Friday, May 13, 2011

Hari Pertamaku

          Sebelum aku bercerita, aku akan memperkenalkan diriku. Namaku Ikal, umurku 7 tahun. Aku hidup di keluarga yang sangat sederhana yang tinggal di kota Belitong. Aku tinggal bersama ayahku serta saudara-saudara kandungku. Ayahku seorang yang ramah. Ia berumur 47 tahun dan bekerja sebagai buruh tambang yang bergaji kecil untuk menyekolahkan anak laki-lakinya ke sekolah. Selain itu, aku mempunyai tiga teman baik yang bernama Trapani, Kucai, dan Syahdan.
          Hari ini aku sangat senang karena akhirnya aku dapat bersekolah di sekolah SD Muhammadiyah. Sekolah itu dikepalai oleh bapak kepala sekolah yang bernama Bapak K.A. Harfan Efendy Noor serta guru yang mengajar kami bernama Ibu N.A. Muslimah Hafsari atau Bu Mus. Hari ini perasaan kami semua bercampur aduk antara cemas, gentar, takut, dan senang. Hal itu disebabkan karena dibutuhkan minimal sepuluh murid untuk tetap dapat melanjutkan program pendidikan di sekolah ini, sedangkan disana hanya ada sembilan orang murid. Ibu Mus telah berkali-kali menghitung jumlah murid yang berada di bangku panjang tanpa memerhatikan keadaannya yang sudah mengeluarkan titik-titik keringat di seputar hidungnya menghapus bedak tepung beras yang dikenakannya. Aku juga merasa cemas karena melihat Ibu Mus cemas dan karena beban perasaan ayahku. Aku tahu bahwa ayah sedang gugup tentang pembayaran sekolah, dan lebih mudah menyerahkan aku pada tauke pasar pagi untuk jadi tukang parut atau pada juragan pantai untuk menjadi kuli kopra agar aku dapat membantu ekonomi keluarga. Oleh karena perasaan itu, aku sempat berpikir bahwa sebaiknya aku pulang dan melupakan keinginanku bersekolah. Tetapi perasaan gentar itu tidak hanya dirasakan oleh ayahku, Ibu Mus, dan aku.

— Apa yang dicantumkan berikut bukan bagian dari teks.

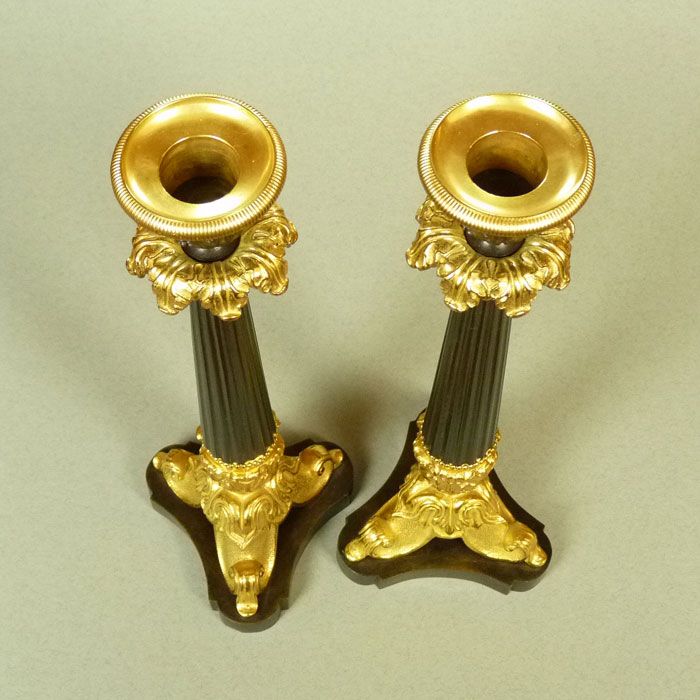 A Pair of Classical French Bronze and Gilt Bronze Candlesticks A Pair of Classical French Bronze and Gilt Bronze Candlesticks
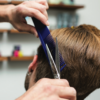 Barber using Texturizing Comb to cut hair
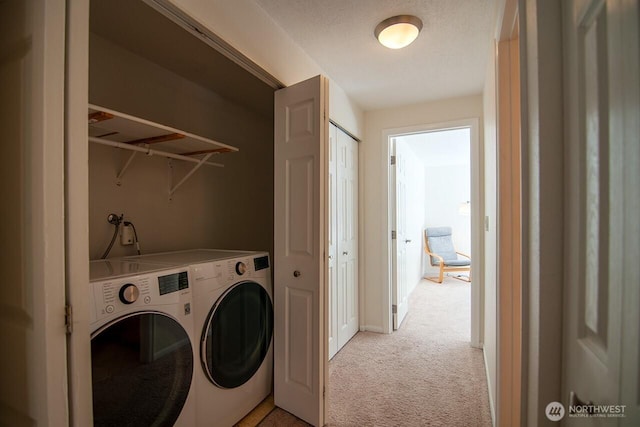 clothes washing area featuring light carpet, laundry area, and washer and dryer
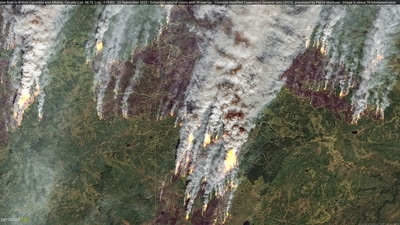 Satellite image shows wildfires in British Columbia and Alberta, Canada (via REUTERS)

Melainkan semua wajah orangtua di depanku yang tidak yakin bahwa hanya dengan pendidikan SMP, kami mampu mempercerah masa depan keluarga. Pagi ini, mereka semua berada di sekolah ini karena celaan aparat desa karena tidak menyekolahkan anak yang akan memerdekakan kami dari buta huruf.
          Kami memilih sekolah SD Muhammadiyah karena sekolah ini karena tiga hal. Pertama, sekolah ini tidak menetapkan iuran dalam bentuk apapun, para orangtua hanya menyumbang sukarela semampu mereka. Kedua, karena mereka menganggap anak-anak mereka memiliki karakter yang mudah disesatkan iblis sehingga kami harus mendapat pendidikan agama yang kuat. Ketiga, karena kami tidak diterima di sekolah mana pun.
          Guru-guru yang berada disana masih merasa cemas karena takut sekolah mereka akan tamat riwayatnya, sedangkan pada orangtua merasa cemas karena biaya, dan kami, sembilan anak-anak kecil ini, terperangkap dalam kecemasaan kalau-kalau kami tak jadi sekolah. Sembari menunggu satu murid lainnya, Ibu Mus dan Pak Harfan memutuskan untuk menunggu sampai jam 11 siang. Perasaan tegang, resah, dan sedih bercampur menjadi satu. Akhirnya, waktu habis karena telah pukul sebelas lewat lima dan belum ada satu murid pun yang muncul untuk menyelamatkan sekolah itu serta menyelamatkan kami agar kami dapat bersekolah. Setelah bapak kepala sekolah akan memulai pidato tentang pembubaran sekolah, tiba-tiba terdengar suara teriakan seorang ibu yang sedang memanggil anaknya yang bernama Harun, kami pun langsung melihat ke arah orang itu yang berumur 15 tahun dan agak terbelakang mentalnya. Setelah itu, ibu dari Harun memutuskan untuk menyekolahkan Harun disana karena untuk ke SLB membutuhkan banyak biaya dan SLB hanya ada di pulau Bangka sedangkan kami di Belitong. Seketika, semua orang di tempat itu tersenyum lebar dan bahagia karena muridnya telah genap sepuluh orang yang artinya bahwa program pendidikan ini akan dilanjutkan dan kami dapat bersekolah.